Wednesday 7 August 2013

Ship-timber Beetle

Image: Michael Whitehead
Beetles don't get much weirder than this!

Ship-timber Beetles are a mere 37 species in the family Lymexlidae, all about 1 or 2 cm (0.2-0.8 in) long.

As the name suggests, they HATE sailors and love to sink ships! Probably because of those stupid uniforms and funny dances.

Image: Udo Schmidt
Hylecoetus dermestoides
Oh, fine, you got me. They really don't have any great feelings toward sailors, or any other occupation or hobby for that matter. They're extremely tolerant like that.
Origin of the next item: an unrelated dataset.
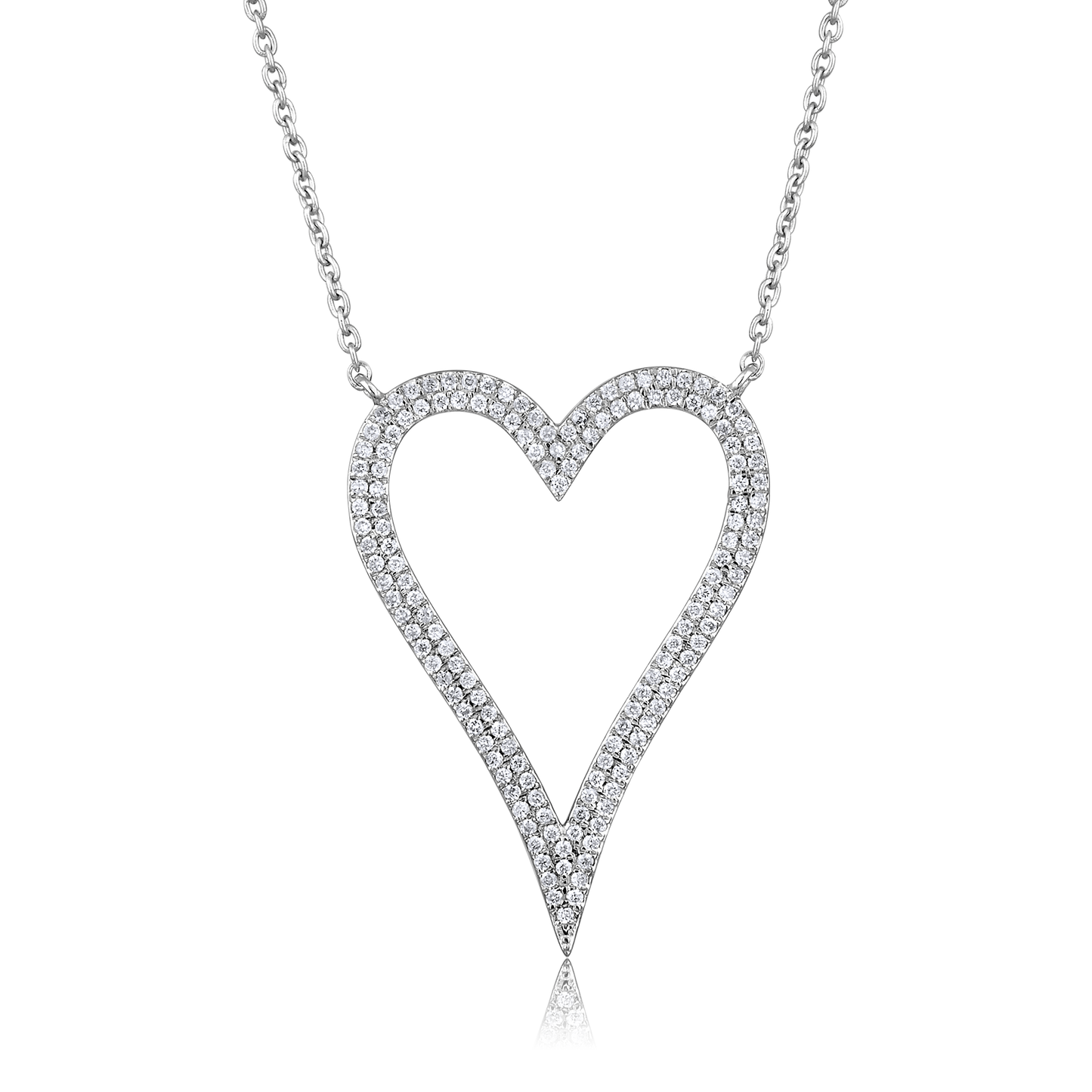 Solid Gold 0.3ct Natural Diamond Open Heart CutOut Pendant Necklace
What they like is wood. Sometimes living wood in fine, upstanding trees, other times dead wood in fallen trees or timber they find lying about the place. And if that timber happens to be piled up into the shape of a house or a ship, for example, that'll do perfectly fine too.

Image: Stanislav Krejčík
Elateroides dermestoides
These are wood-boring beetles. It's the larvae who spend their time tunnelling through wood, but even the adults have a long, narrow shape perfect for the little mine shafts. That may just be so they can get out after they pupate.
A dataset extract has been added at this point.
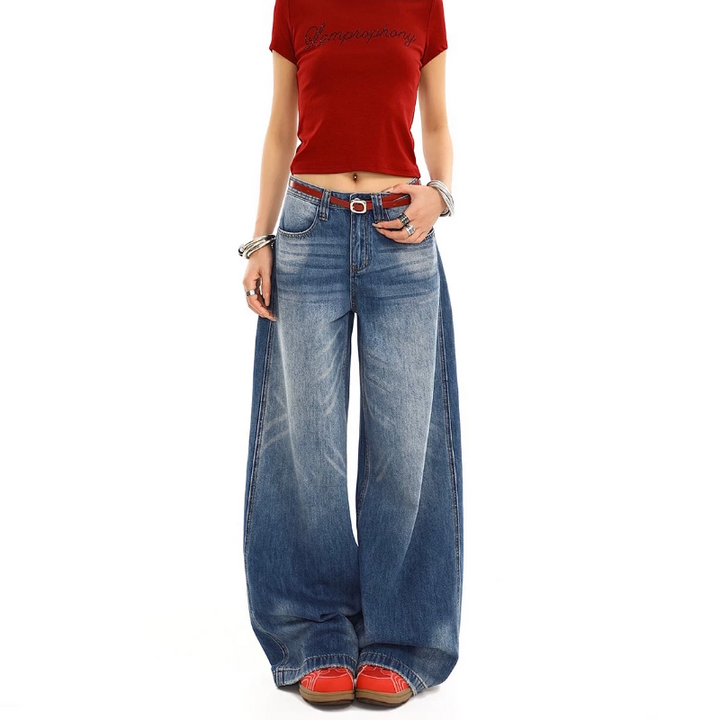 Gradient ripped low rise wide leg | Baggy Low Rise Jeans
Image: Vijay Anand Ismavel
Some Ship-timber Beetles seem a little too long for their own good. Their abdomen extends way past their rather inadequate wing cases.

Image: LC Shih
Atractocerus monticola
And then you have the deeply peculiar members of the genus Atractocerus...

Video: Quaoar Power

Their wing cases are minuscule and leave their wings completely exposed as they lie unfolded along their back. They have gigantic eyes, rather like a wasp or horsefly, as opposed to the little ant-like things other Ship-timber Beetles have. It's quite possible that some of those other ones don't feed at all as adults.

Image: LC Shih
Atractocerus must be using those giant peepers for something! Maybe spotting prey to feast on. Or sailors. Little is known about them, though.

At least some Ship-timber Beetles have developed a very special relationship with fungus. Not "special" like athlete's foot or sexually transmitted infections, but special like the yeast we make bread and beer out of.
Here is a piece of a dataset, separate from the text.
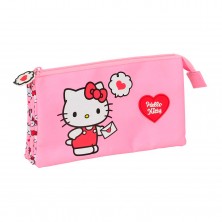 Estuche Triple Hello Kitty 22 x 12 cm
Can man live on bread and beer alone? Hmmm...

Image: Ondřej Zicha
Lymexylon navale
Females lay their eggs via the ovipositor, and right near it is a pouch full of spores from a fungus called Endomyces hylecoeti. This stuff coats her eggs as she lays them. The larvae then collect some of them when they hatch before they commence wood-boring.

Image: Stanislaw Kinelski,
Elateroides dermestoides larva or Large Timberworm
Now, everywhere the larvae goes fungal spores are left clinging to the tunnel wall. The spores, er... hatch? Sprout? They do what they do! The fungus grows and the larvae eats it. So Ship-timber Beetles don't actually feed on wood, they eat the fungus their mother brought for them.

The larvae continually clear their tunnel of sawdust and droppings, ensuring their fungus friends get the fresh air they need to survive. And then they eat their fungus friends, because that's what friendship is all about.


  1. They sure are! Especially if you're a pile of wood! Or sailing on one.

  2. That fungus relationship is so amazing, hard to believe that it actually happens

  3. I know what you mean! It's actually not uncommon among wood boring beetles!

  4. I catched one and it laid eggs. Now I have the larva but nothing to feed them with. Can I just feed the with yeast?

  5. Difficult to say. They might require a very specific species of fungus.